Aparte del informe que redactamos Chamorro y yo y de mi testimonio en el juicio, sólo reconstruí otra vez la íntegra secuencia de los hechos. Fue para el brigada Perelló. Tan pronto como volvimos de Menorca y hubimos liquidado los trámites, lo que nos llevó unas cuantas horas, le encargué a Chamorro que arreglara nuestro regreso a la Península y yo me dirigí en el coche al pueblo. Llegué al puesto cuando ya caía el sol y allí sólo estaban Quintero y Barreiro. El brigada, me dijeron los guardias, estaba en un bar de la plaza al que solía ir a jugar al truc todas las tardes. Le encontré en la mesa con otros tres, de paisano, y me pareció más viejo que de uniforme. Aguardé a que terminara mientras saboreaba un recio pero decente whisky nacional.

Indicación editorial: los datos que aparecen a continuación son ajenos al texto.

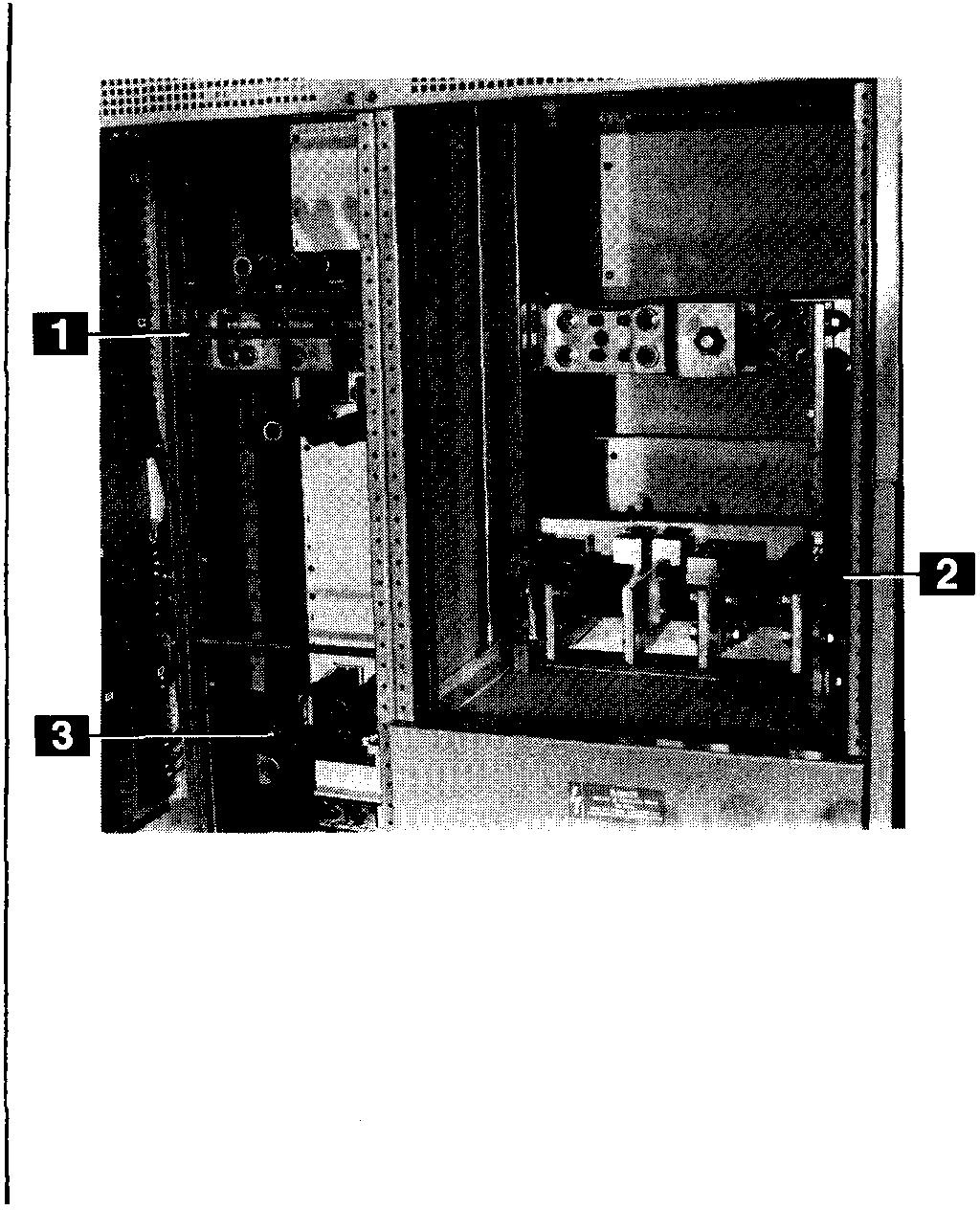 When specified, racks (1), Fig. 3-28, for the support of feeder cables are located in the cable compartment. The actual support of the cables is provided by lashing them to these racks.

El brigada, que me había visto, hizo por abreviar la partida sin ofender a sus compañeros de mesa. Luego se reunió conmigo.

– ¿Listo? -interrogó.

– Sí. Ahora sí.

– ¿Vuelves a Madrid?

– Mañana, en el primer avión que salga. O quizá en el segundo. Antes de marcharme me gustaría hablar con alguien. Pero primero tengo una deuda contigo que no quería irme sin saldar.

– ¿Qué deuda es ésa?

– La deuda es contarte por qué detuviste ayer a la juez y agradecerte todas tus orientaciones. No sólo no te equivocaste en una sola que ahora recuerde, sino que gracias a ellas pude encontrar la luz que me hizo falta para arreglar mis desatinos.

– Exageras.

– No exagero. Fue un crimen inútil perpetrado por un cualquiera, como sospechaste. La mataron fuera de la casa, como seguiste creyendo cuando yo ya me había dejado despistar. Y pusieron las huellas de Regina en el arma para incriminarla, como trataste de hacerme ver. Pero no sólo quiero agradecértelo. También quiero pedirte un último favor: que te olvides de los años y los grados que hay entre tú y yo y me hagas el honor de emborracharte conmigo. Tengo remordimientos que lavar y no se me ocurre nadie mejor para que me absuelva.

– Qué remordimientos -me corrigió-. Lo has arreglado tú solo. Los jefes pueden darse con un canto en los dientes. Cualquiera tropieza alguna vez, y desde luego ellos no tienen autoridad para echártelo en cara. Más bien tendrán que felicitarte. Ellos estuvieron perdidos todo el tiempo.

– No es el juicio de los jefes el que me importa. Traicioné mis principios. Eso es lo más imperdonable. Sobre todo por lo que me duele el orgullo. Si no hubiera sido por chiripa, porque el caso le tocó precisamente a esa juez y tuvo que ver a Regina, no habría podido rectificar. Andrea y Enzo se habrían largado, Raúl se habría muerto drogado o en un accidente de tráfico, la juez, mejor o peor, habría enterrado en su memoria el incidente, y habrían procesado a quienes no lo hicieron. Tal y como funciona la justicia, los habrían condenado con un ochenta por ciento de probabilidades. ¿Y sabes lo que más me revienta? No haber sospechado en ningún momento de Enzo, con todas las pistas que tuve. No sólo era a la vez lo bastante fuerte y lo bastante idiota como para colgar a Eva del travesaño. Hacía pesca submarina. Un lanzador de arpones no es lo mismo que un revólver, pero requiere pulso, y darle a algo tan escurridizo como un pez, puntería. Además, tenía la personalidad justa, y profesaba a Andrea una devoción peligrosa, sobre todo teniendo en cuenta el comportamiento de Andrea. Su aparente mansedumbre era la típica represión de un rencor interior. Esa gente es la que luego es capaz de la mayor brutalidad.

Perelló puso la mano en mi brazo y lo apretó con afecto.

– No puedo emborracharme, Vila -se excusó-. Tengo alto el ácido úrico. Pero puedo tomar un coñac mientras me lo cuentas todo.

Nos sentamos en una mesa apartada. Con mi whisky de refresco en la mano, inicié para el brigada mi resumen. Previamente, le puse en antecedentes sobre la segunda versión de las confesiones de Regina Bolzano y sobre los azares que habían reunido a la juez con Raúl, los dos italianos y Eva Heydrich en la playa. Con esto llegábamos, más o menos, al instante en que Regina estaba apuntando a Eva ante Raúl y la juez, sin atreverse a disparar.